**EXCERPTED DATA:**
§ §
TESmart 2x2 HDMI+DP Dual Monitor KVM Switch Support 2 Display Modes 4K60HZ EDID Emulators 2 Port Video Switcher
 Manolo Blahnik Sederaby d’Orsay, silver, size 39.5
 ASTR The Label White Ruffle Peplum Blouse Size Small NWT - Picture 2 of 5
§ §
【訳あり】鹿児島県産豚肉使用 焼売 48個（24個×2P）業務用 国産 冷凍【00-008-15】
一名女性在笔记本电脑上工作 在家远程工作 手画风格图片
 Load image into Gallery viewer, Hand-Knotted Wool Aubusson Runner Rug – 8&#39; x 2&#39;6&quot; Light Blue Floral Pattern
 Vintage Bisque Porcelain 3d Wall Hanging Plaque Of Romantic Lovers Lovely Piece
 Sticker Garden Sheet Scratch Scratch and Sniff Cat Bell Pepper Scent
§ §
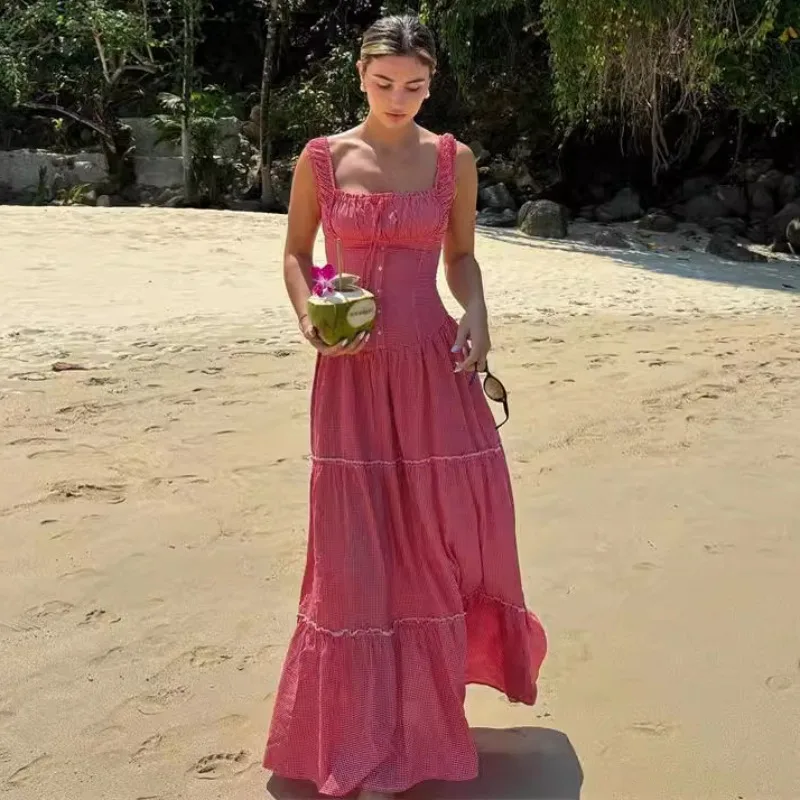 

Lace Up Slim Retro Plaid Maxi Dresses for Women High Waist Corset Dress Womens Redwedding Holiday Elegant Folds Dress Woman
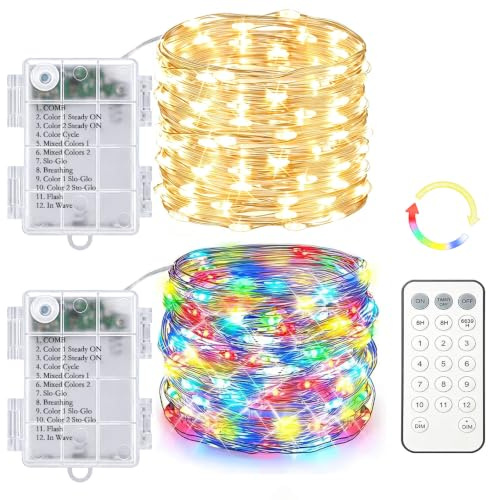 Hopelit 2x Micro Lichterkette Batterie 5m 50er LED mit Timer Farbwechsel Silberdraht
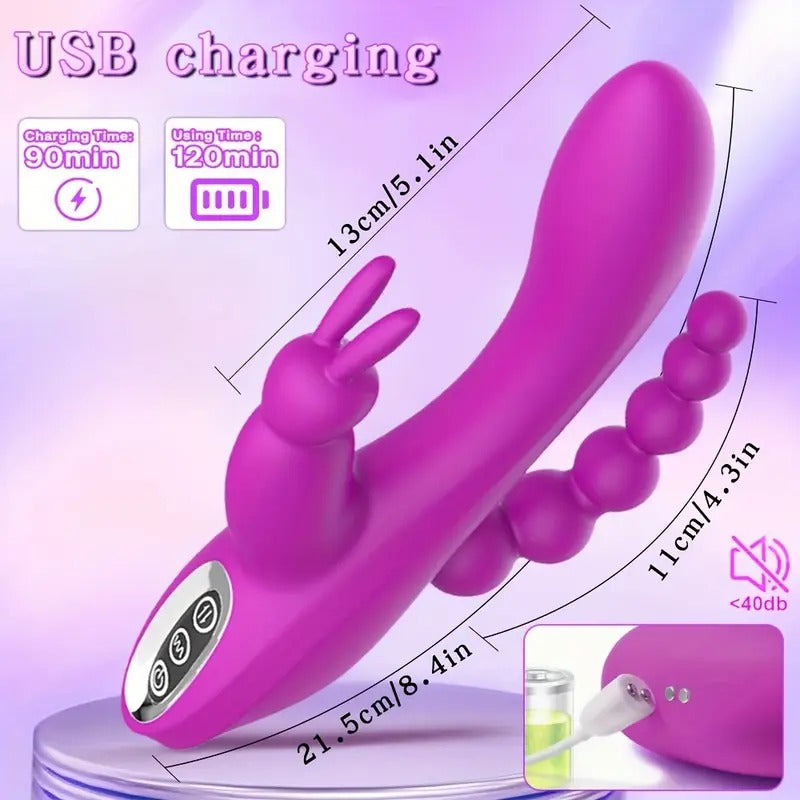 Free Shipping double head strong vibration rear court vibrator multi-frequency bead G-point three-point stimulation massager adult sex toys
§ §
**WHAT IS BEING ASKED:** Only one stretch of the records above is wanted: the lines between the one holding "一名女性在笔记本电脑上工作 在家远程工作 手画风格图片" and the one holding "Sticker Garden Sheet", inclusive, reproduced exactly.

**REPLY:**
一名女性在笔记本电脑上工作 在家远程工作 手画风格图片
 Load image into Gallery viewer, Hand-Knotted Wool Aubusson Runner Rug – 8&#39; x 2&#39;6&quot; Light Blue Floral Pattern
 Vintage Bisque Porcelain 3d Wall Hanging Plaque Of Romantic Lovers Lovely Piece
 Sticker Garden Sheet Scratch Scratch and Sniff Cat Bell Pepper Scent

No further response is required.